My design, which has worked for a few decades in a variety of places, is to keep all nodes linked in a large loop which is broken into three sectors and to use the avail, sleep, and ready queue pointers moving around the loop. Moving a node from the sleep queue to the ready queue is nothing more than advancing the sleep queue pointer around the loop by one step. Nothing else to do for the interval timer and this helps keep things fast where it counts. Moving a node from the avail queue to the sleep queue, and I disallow the case where the time to wait is zero so an avail queue node is never moved directly the ready queue, involves a simple advancement of the avail queue pointer and then a sleep queue insertion process which is more complex. So the insertion code involves a focus on that insertion process, which makes sense. And moving a node from the ready queue back to the avail queue involves, once again, nothing more than advancing the ready queue pointer. So this puts the 'hard' work on the insertion process. And it's not that bad. The rest is nil.

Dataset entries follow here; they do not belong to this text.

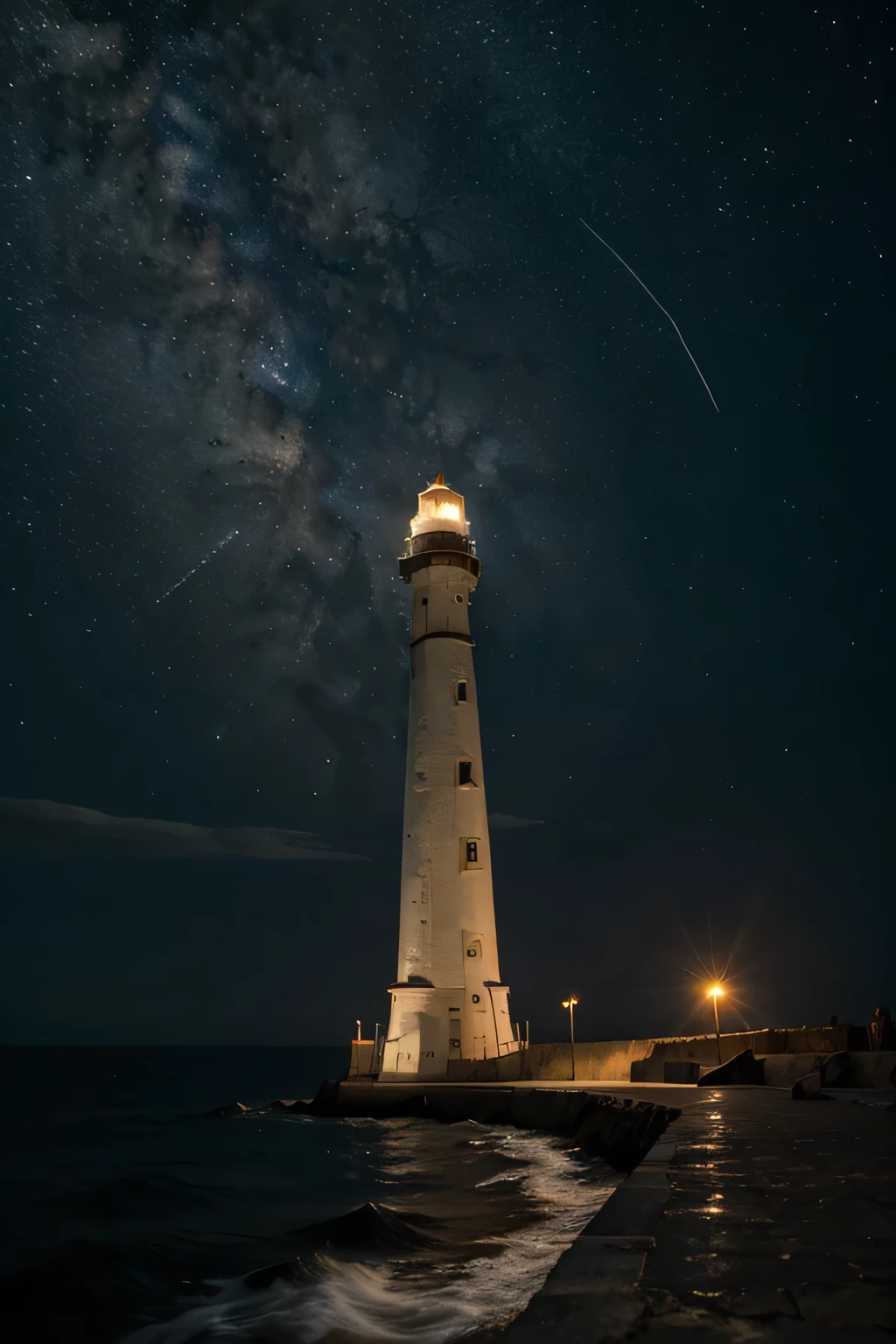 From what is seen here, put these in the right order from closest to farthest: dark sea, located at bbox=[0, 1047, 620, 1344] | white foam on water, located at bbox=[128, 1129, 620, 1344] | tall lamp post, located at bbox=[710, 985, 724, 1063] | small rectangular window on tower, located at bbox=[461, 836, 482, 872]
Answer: white foam on water, located at bbox=[128, 1129, 620, 1344]
dark sea, located at bbox=[0, 1047, 620, 1344]
tall lamp post, located at bbox=[710, 985, 724, 1063]
small rectangular window on tower, located at bbox=[461, 836, 482, 872]

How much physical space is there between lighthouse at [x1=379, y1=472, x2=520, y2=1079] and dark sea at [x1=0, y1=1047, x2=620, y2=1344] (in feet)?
11.4

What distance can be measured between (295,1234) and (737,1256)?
46.4 ft

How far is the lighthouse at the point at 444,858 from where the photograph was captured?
103 feet

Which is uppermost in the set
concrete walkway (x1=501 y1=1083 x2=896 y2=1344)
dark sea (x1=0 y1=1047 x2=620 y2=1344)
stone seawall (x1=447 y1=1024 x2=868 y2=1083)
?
stone seawall (x1=447 y1=1024 x2=868 y2=1083)

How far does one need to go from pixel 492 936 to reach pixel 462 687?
364 inches

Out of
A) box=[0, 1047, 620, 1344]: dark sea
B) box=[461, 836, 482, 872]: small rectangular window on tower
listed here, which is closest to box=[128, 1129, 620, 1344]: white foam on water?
box=[0, 1047, 620, 1344]: dark sea

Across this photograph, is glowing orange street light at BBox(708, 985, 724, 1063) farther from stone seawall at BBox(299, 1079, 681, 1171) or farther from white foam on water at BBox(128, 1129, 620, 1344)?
white foam on water at BBox(128, 1129, 620, 1344)

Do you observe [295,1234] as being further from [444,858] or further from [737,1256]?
[444,858]

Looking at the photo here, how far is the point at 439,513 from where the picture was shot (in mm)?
39125

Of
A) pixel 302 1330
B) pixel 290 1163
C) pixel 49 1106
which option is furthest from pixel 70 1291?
→ pixel 49 1106

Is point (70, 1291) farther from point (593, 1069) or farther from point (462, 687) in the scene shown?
point (462, 687)

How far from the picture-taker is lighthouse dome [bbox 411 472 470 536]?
126ft

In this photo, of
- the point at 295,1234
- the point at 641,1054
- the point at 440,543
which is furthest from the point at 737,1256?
the point at 440,543

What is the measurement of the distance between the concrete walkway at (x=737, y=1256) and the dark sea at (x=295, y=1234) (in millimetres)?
3424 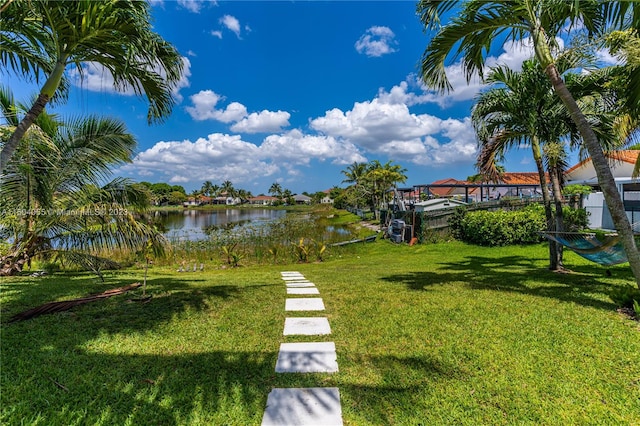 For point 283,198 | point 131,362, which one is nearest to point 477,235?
point 131,362

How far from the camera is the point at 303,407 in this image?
2.24m

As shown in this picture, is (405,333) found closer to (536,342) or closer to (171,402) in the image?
(536,342)

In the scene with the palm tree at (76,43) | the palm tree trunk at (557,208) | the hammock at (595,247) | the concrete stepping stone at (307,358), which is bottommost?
the concrete stepping stone at (307,358)

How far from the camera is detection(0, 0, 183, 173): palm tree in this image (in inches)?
111

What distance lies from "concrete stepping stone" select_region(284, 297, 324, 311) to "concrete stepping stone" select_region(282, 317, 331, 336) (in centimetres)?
39

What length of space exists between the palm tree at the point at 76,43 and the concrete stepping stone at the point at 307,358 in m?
3.07

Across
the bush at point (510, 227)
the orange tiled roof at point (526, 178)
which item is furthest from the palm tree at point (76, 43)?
the orange tiled roof at point (526, 178)

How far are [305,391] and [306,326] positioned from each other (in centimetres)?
124

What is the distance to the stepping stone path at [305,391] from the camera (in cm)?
212

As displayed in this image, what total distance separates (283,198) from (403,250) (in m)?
92.7

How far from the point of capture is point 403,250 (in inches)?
523

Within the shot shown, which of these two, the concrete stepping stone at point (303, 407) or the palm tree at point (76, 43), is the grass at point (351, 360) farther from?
the palm tree at point (76, 43)

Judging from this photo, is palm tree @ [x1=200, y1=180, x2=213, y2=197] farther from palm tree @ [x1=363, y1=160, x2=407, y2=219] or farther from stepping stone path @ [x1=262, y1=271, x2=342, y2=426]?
stepping stone path @ [x1=262, y1=271, x2=342, y2=426]

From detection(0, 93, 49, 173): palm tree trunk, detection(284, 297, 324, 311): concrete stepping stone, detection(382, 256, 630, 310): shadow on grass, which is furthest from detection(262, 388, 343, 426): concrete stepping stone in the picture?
detection(382, 256, 630, 310): shadow on grass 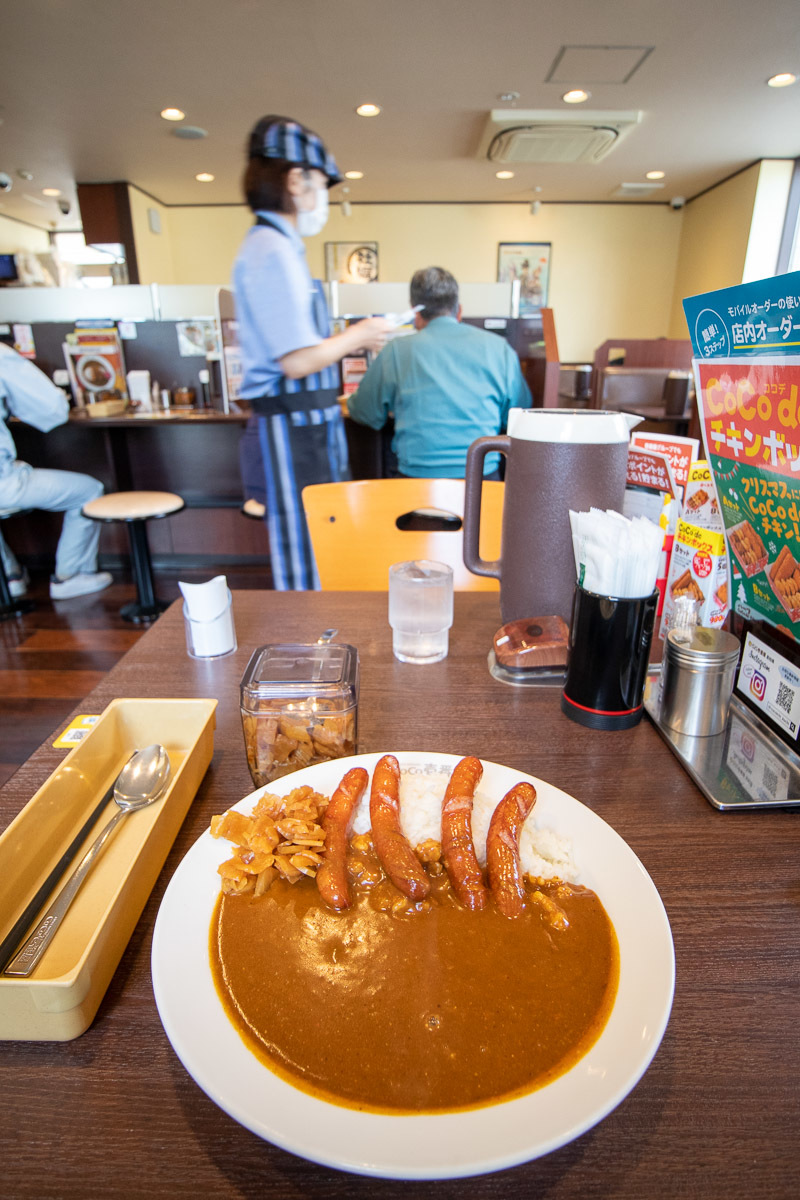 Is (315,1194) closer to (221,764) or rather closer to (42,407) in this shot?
(221,764)

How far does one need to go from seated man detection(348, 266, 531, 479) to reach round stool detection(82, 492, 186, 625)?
1399mm

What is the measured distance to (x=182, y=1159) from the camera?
0.38 meters

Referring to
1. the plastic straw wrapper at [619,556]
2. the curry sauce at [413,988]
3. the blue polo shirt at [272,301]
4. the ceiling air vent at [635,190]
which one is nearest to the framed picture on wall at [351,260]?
the ceiling air vent at [635,190]

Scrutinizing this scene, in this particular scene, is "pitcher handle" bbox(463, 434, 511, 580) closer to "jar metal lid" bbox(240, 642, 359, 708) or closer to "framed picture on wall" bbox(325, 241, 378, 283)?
"jar metal lid" bbox(240, 642, 359, 708)

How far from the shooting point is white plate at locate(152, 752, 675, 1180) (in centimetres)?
34

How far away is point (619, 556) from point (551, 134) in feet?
20.6

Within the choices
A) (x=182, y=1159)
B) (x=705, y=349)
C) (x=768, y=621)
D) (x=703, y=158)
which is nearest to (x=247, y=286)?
(x=705, y=349)

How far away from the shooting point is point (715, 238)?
7.77m

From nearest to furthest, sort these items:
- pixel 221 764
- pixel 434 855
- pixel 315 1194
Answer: pixel 315 1194 → pixel 434 855 → pixel 221 764

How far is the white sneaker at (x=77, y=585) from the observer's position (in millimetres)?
3961

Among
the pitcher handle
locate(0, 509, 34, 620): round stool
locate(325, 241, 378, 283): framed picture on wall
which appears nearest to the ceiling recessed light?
locate(325, 241, 378, 283): framed picture on wall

I wonder about the approach of having a 'sea of unconnected' available nodes with ready and sleep queues that grow and shrink and have to manage the case where pointers in once available nodes are garbage values until they get installed in the sleep queue. I suppose that can be made to work. And I'm not complaining. Just commenting. But since you are having troubles, perhaps it's not entirely unrelated to that approach and confusion about what I'd written about earlier where I wasn't imagining things the way you've chosen to go.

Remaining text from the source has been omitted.